Il discepolo prediletto dal Signore, autore del quarto Vangelo e simboleggiato dall’aquila, è patrono di tutti i mestieri dove si è esposti alle ustioni, ma anche dei teologi, degli scrittori, dei librai, degli stampatori e infine degli alchimisti
Sulla via di porta Latina, a Roma, un tempietto ottagonale disegnato dal Bramante e completato dal Borromini ricorda nel nome, Oratorio di San Giovanni in Oleo, un leggendario miracolo del quarto evangelista. Quando l’imperatore Domiziano venne a conoscere la fama dell’apostolo, lo convocò nella capitale e, dopo avergli fatto rasare i capelli in segno di scherno, ordinò che fosse immerso in una caldaia di olio bollente davanti alla porta Latina. Ma Giovanni ne uscì illeso. In quel luogo venne eretto un oratorio, poi ricostruito in epoca rinascimentale, e nelle vicinanze la chiesa di San Giovanni a porta Latina la cui prima costruzione risale al V secolo: vi si celebrava solennemente la festa dell’Evangelista il 6 maggio, quando cadeva l’anniversario della sua dedicazione. Ma la festa principale è oggi quella del 27 dicembre, che è più antica della precedente come testimonia san Gregorio di Nissa affermando nell’elogio funebre di san Basilio che fra Natale e la Circoncisione si festeggiavano gli apostoli più legati a Gesù oltre al protomartire: Pietro, Giacomo, Giovanni e Paolo. Successivamente Pietro e Paolo furono trasferiti al 29 giugno per trasfigurare cristianamente una festa pagana in onore di Romolo e Remo. Rimasero soltanto Stefano, i santi Innocenti e Giacomo Maggiore insieme con Giovanni perché i due erano fratelli: chiamati dal Cristo «figli del tuono» a causa della loro facilità alla collera. Venivano ricordati secondo i martirologi e i calendari liturgici tra il 27 e il 29; finché, emigrato Giacomo al 25 di luglio, Giovanni occupò stabilmente il 27 dicembre.

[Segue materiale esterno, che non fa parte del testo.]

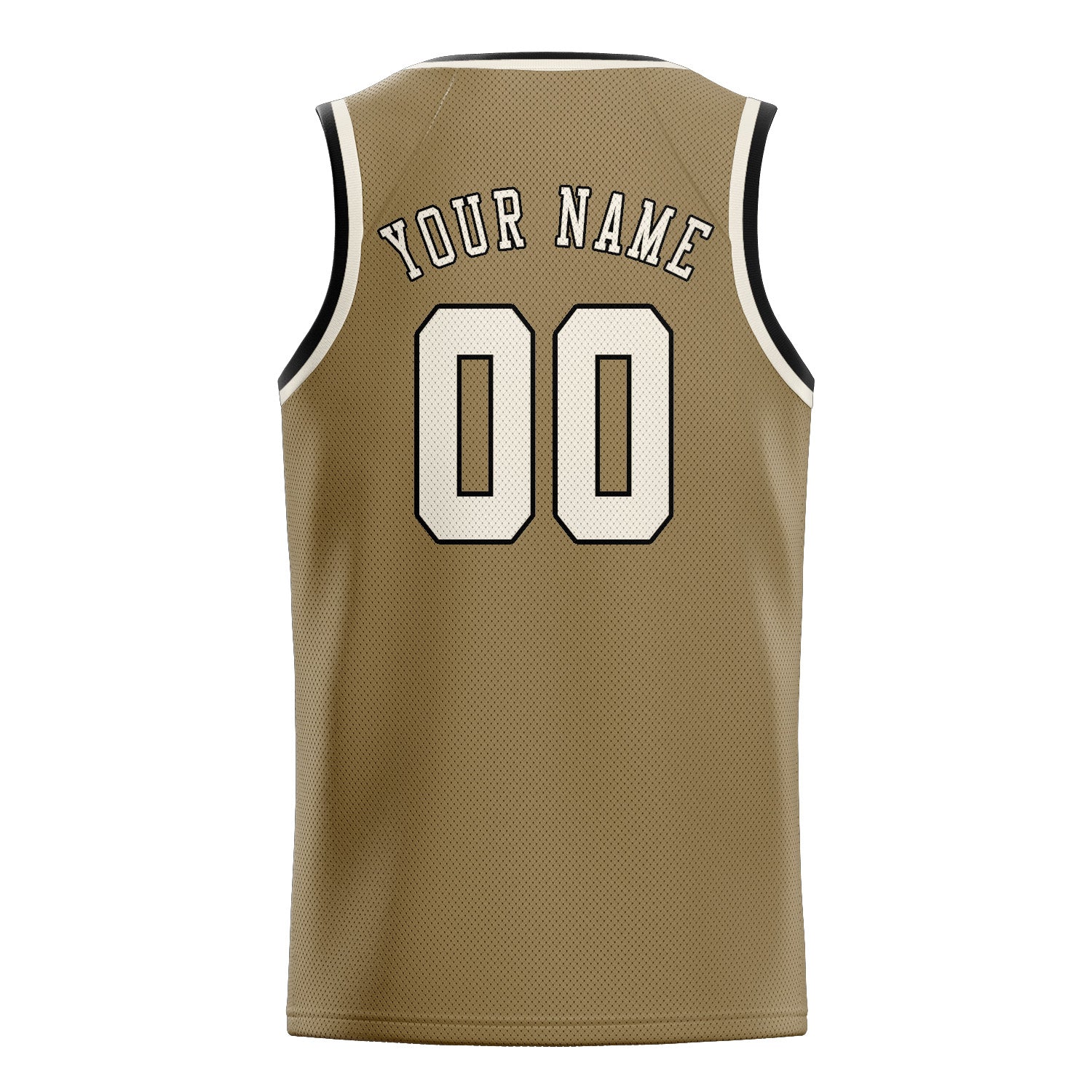 Custom Light Khaki Cream Basketball Jersey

Il miracolo dell’olio bollente gli valse successivamente il patronato di tutti i mestieri dove si è esposti alle ustioni, come ad esempio quelli dei gualcherai e degli armaioli; ma anche dei candelai che facevano bollire il sego e vendevano l’olio da bruciare, e persino dei proprietari dei mulini a olio. Per gli stessi motivi era invocato anche contro le bruciature.

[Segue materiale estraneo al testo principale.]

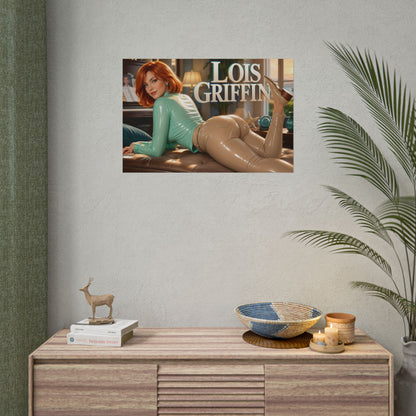 Cartoon Wall Art Lois Griffin Family Guy Poster Room Decor Character Print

Che Giovanni sia stato condotto a Roma per essere martirizzato è una notizia non documentata che ci danno Tertulliano e Girolamo. Sappiamo invece dallo stesso Giovanni che fu allontanato da Efeso, dove reggeva la Chiesa locale, ed esiliato a Patmos, un’isola delle Sporadi, «a causa della parola di Dio e della testimonianza di Gesù», come egli scrive nell’Apocalisse, che in greco significa Rivelazione. Questo libro profetico, l’unico del Nuovo Testamento, gli fu ispirato da un angelo: «Rapito in estasi, nel giorno del Signore, udii dietro di me una voce potente, come di tromba, che diceva: “Quello che vedi scrivilo in un libro e mandalo alle sette Chiese...”».
Nell’Apocalisse è descritto il Tetramorfo, una figura che già appariva, pur con qualche differenza, nella visione di Ezechiele: «In mezzo al trono e intorno al trono vi erano quattro esseri viventi pieni d’occhi davanti e dietro. Il primo vivente era simile a un leone, il secondo vivente aveva l’aspetto di un toro, il terzo vivente l’aspetto di un uomo, il quarto vivente era simile a un’aquila che vola. I quattro viventi hanno ciascuno sei ali, intorno e dentro sono costellati d’occhi; giorno e notte non cessano di ripetere: Santo, santo, santo, il Signore Dio, l’Onnipotente, Colui che era, che è, che viene!».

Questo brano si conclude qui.